Modern Workspace: the vision

 
 

29 July 2020 | Written by Gary Cooper

Search for “Modern Workplace” and you’ll get a lot of results about ‘digital’, ‘collaboration’, ‘smart’, ‘connected’, ‘engaging’ and ‘what is the modern workplace?’ Now time to really start talking about the Modern Workspace

Created by the Office Labs group it shows one vision of how the seamless use of natural language, touch and gesture input, displays and cameras everywhere can create windows on information and bring people together from across the globe. This vision of ubiquitous computing still drives what many technology companies are trying to achieve today.

Microsoft have used the term around for a number of years ever since this inceptional video. I remember watching this with other wide-eyed Microsoft customers at Microsoft Campus back in 2009 and pondering on how long it would take before the innovations on display would become reality. More than 10 years later, we still don’t quite have fully transparent workstations or paper thin folding displays, but many of the concepts that rely upon unseen Artificial Intelligence such as on the fly translation are maturing. The Internet of Things is yielding never seen before integration of our environment with data and its presentation. Some things in the video, however, don’t change though and we still have offices and homes with timeless furniture designs from Charles and Ray Eames.

Since the video was first shown we’ve seen the Surface range of Microsoft devices appear; both the tablet and interactive display kind. These are baby steps towards the vision, but huge leaps in terms of what we had before them. What is evident though is that the concept of Workspace rather than Workplace has only accelerated. Technology has enabled us to work from anywhere, within reason, and as technology has become cheaper overall we tend to have better technology at home than we do in the traditional office. Bring Your Own Whatever applies more widely now than ever. The quest for seamless integration that unveils those amazing user experiences is still some way off though.

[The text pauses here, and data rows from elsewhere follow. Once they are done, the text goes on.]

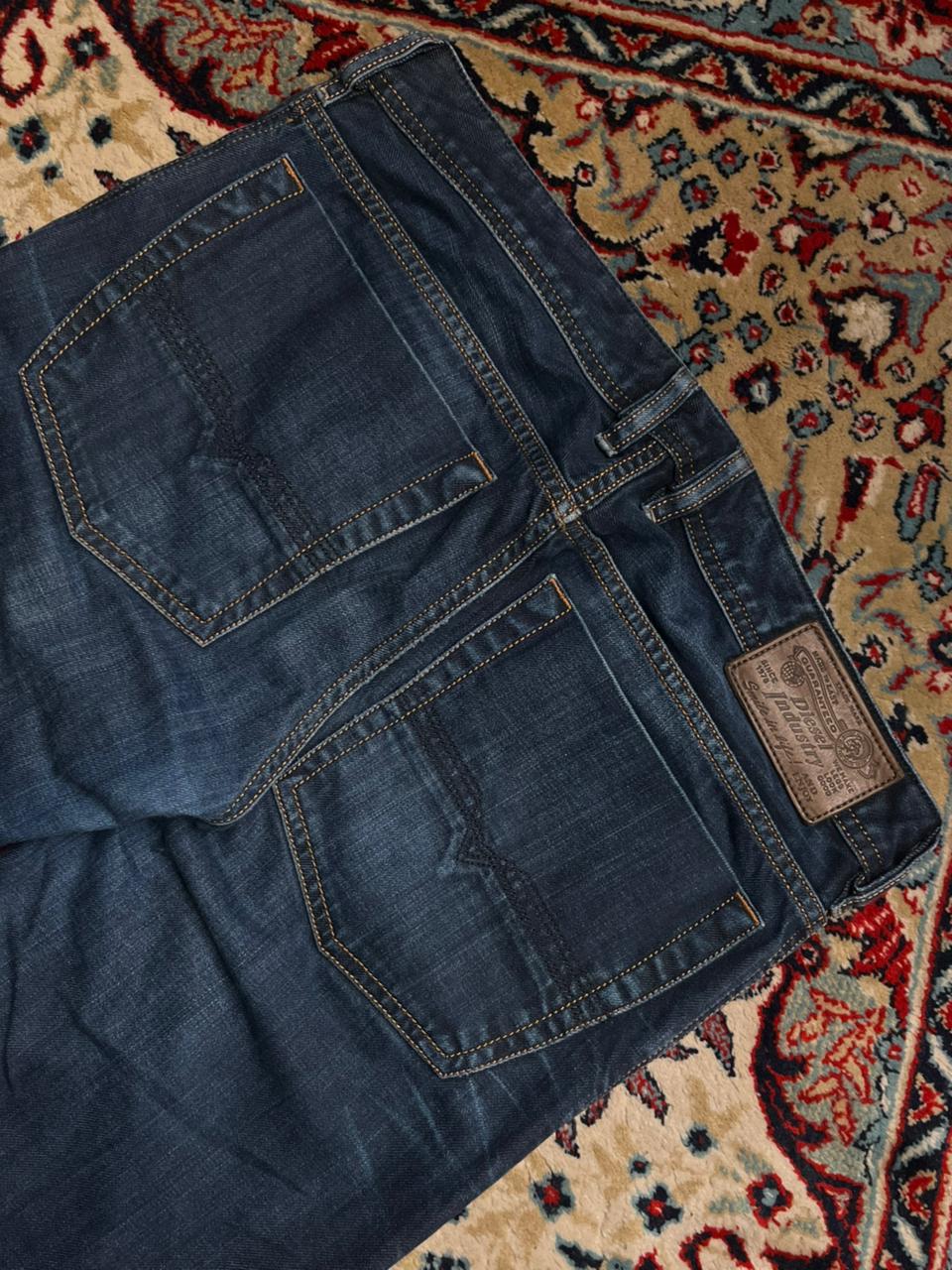 Diesel Zatiny(STRAIGHT-BOOTCUT Fit) Indigo Wash Jeans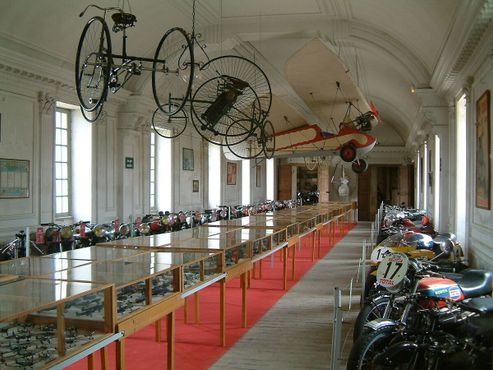 Коллекция мотоциклов в замке Савиньи-ле-Бон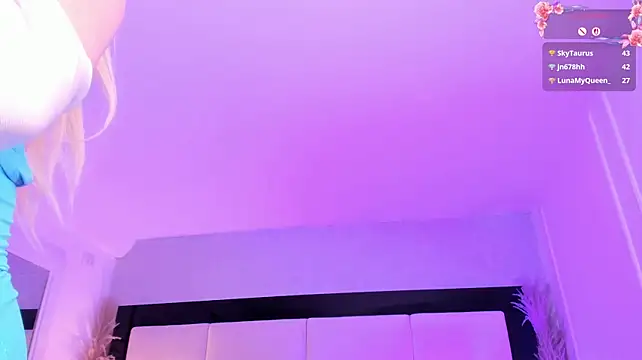 SummerLuna's Live Chat Room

A colleague of mine once coined the phrase “work is what you do, it’s not where you go”, and this rings very true today as it did over 15 years ago when it was said. As workspace trends accelerate through the dynamics of technology, wellbeing and the environment, we see more need to improve on how these factors work together to work better. Wellbeing does not stop at the office door, for example. When working from home it’s just as important to ensure that you have the right working conditions as you’d expect in the office. The worry is that sitting hunched over a laptop writing documents and doing Zoom or Teams calls from home is going to have lasting consequences to your neck and back that were otherwise covered off by that monitor arm, sit/stand desk and ergonomic chair in the office. What was the exclusive domain of the well designed office needs to extend to the other locations that we do our laptop based work in. Not everything is a display and camera, yet.

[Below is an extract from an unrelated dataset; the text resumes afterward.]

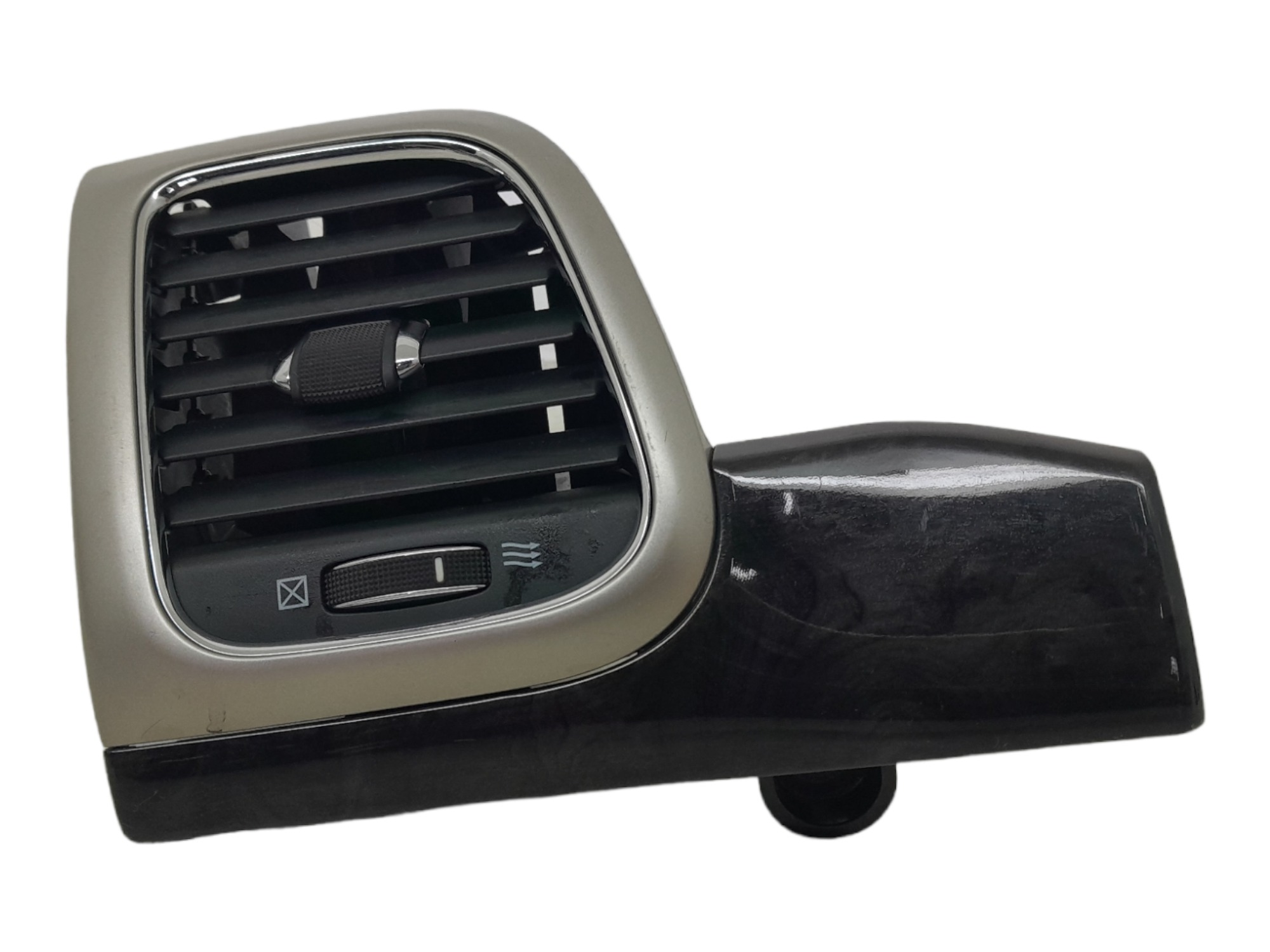 Difusor De Ar Esquerdo Jeep Grand Cherokee Laredo 2012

Again, in this video produced 5 years after the first, Microsoft are taking the ubiquitous computing vision even further with more focus on materials science where almost anything can be a display. People carry only a small set of devices, some wareable, but view and interact with information on a wall or board.

It’s quite normal for companies like Microsoft to invent the future. They’re not alone in this pursuit, but their envisaging series has helped chart their course and also give us food for thought about how simple and frictionless work could be when all the right components align.

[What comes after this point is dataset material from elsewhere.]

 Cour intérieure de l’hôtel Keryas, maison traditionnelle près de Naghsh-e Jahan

In this series of Insights related to the Modern Workspace we’ll look at this steps that we can start to take to achieve a working environment that is still, perhaps, 5-10 years away. What steps have all ready been taken? How otherwise separate disciplines converge to help create this vision. How organisations are evolving their own structures and capabilities and how the developers of the technology are taking baby steps to achieve a future that was envisaged 10 years ago.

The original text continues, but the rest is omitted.